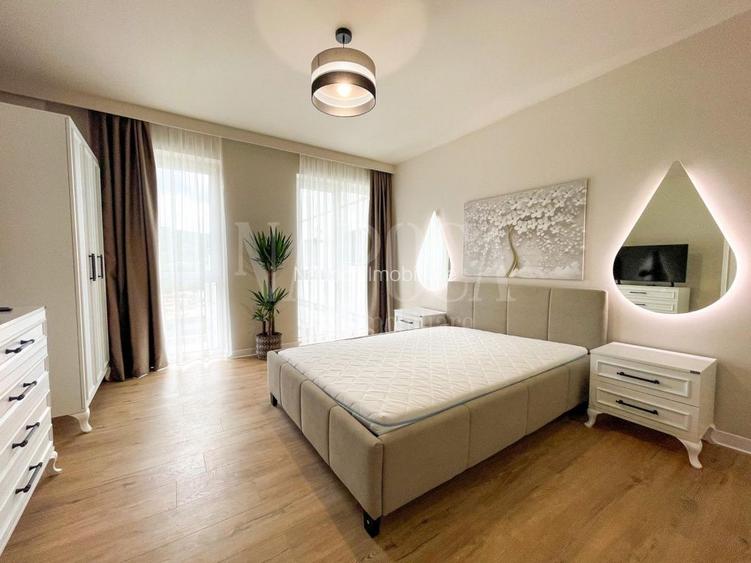 Apartament 2 camere de vanzare in Dambul Rotund, Cluj Napoca - 5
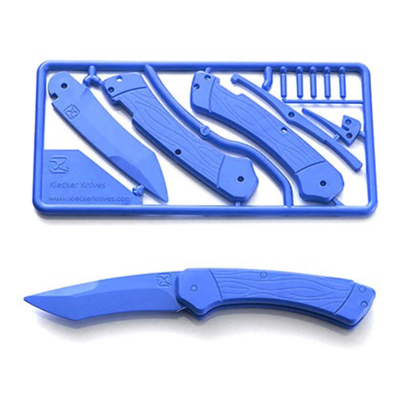 Klecker Knives Trigger Knife Kit
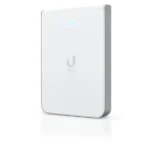 Ubiquiti UniFi 6 In-Wall Access Point (U6-IW)
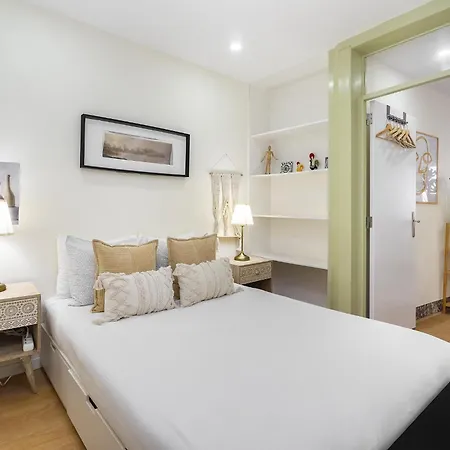 Flh Mouraria Boho Retreat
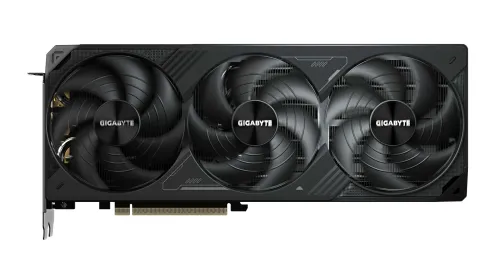 Karta graficzna Gigabyte GeForce RTX 5080 Windforce OC V2 SFF 16GB GDDR7 256bit DLSS 4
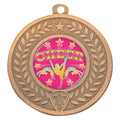 Distinction - Cheer - Bronze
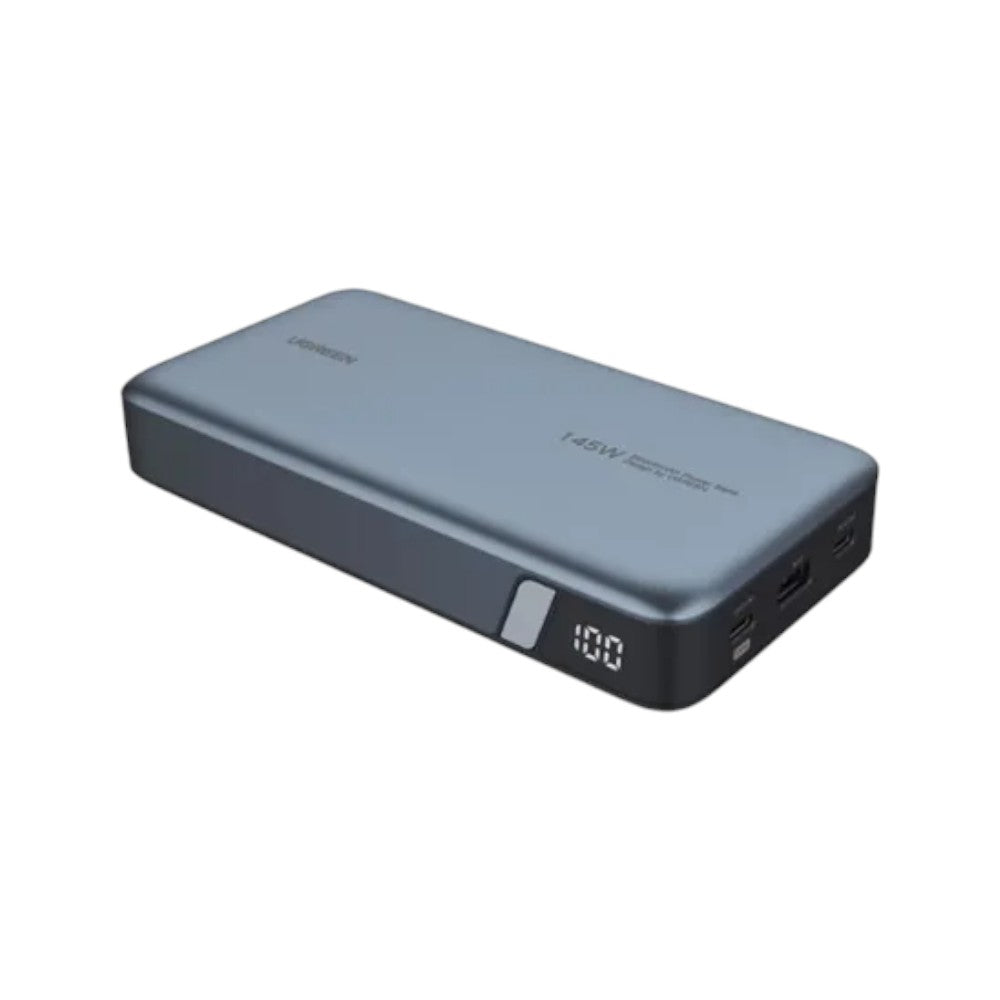 Ugreen PB205 25000mAh USB Type C 145W Portable Power Bank (90597A) (PBUG9801)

========================

* _Directions_
Your output must consist only of the lines from the line with "Flh Mouraria Boho Retreat" through the final line of the data, both included, reproduced exactly and free of pictures.

* _Answer for this exercise_
 Flh Mouraria Boho Retreat
 Karta graficzna Gigabyte GeForce RTX 5080 Windforce OC V2 SFF 16GB GDDR7 256bit DLSS 4
 Distinction - Cheer - Bronze
 Ugreen PB205 25000mAh USB Type C 145W Portable Power Bank (90597A) (PBUG9801)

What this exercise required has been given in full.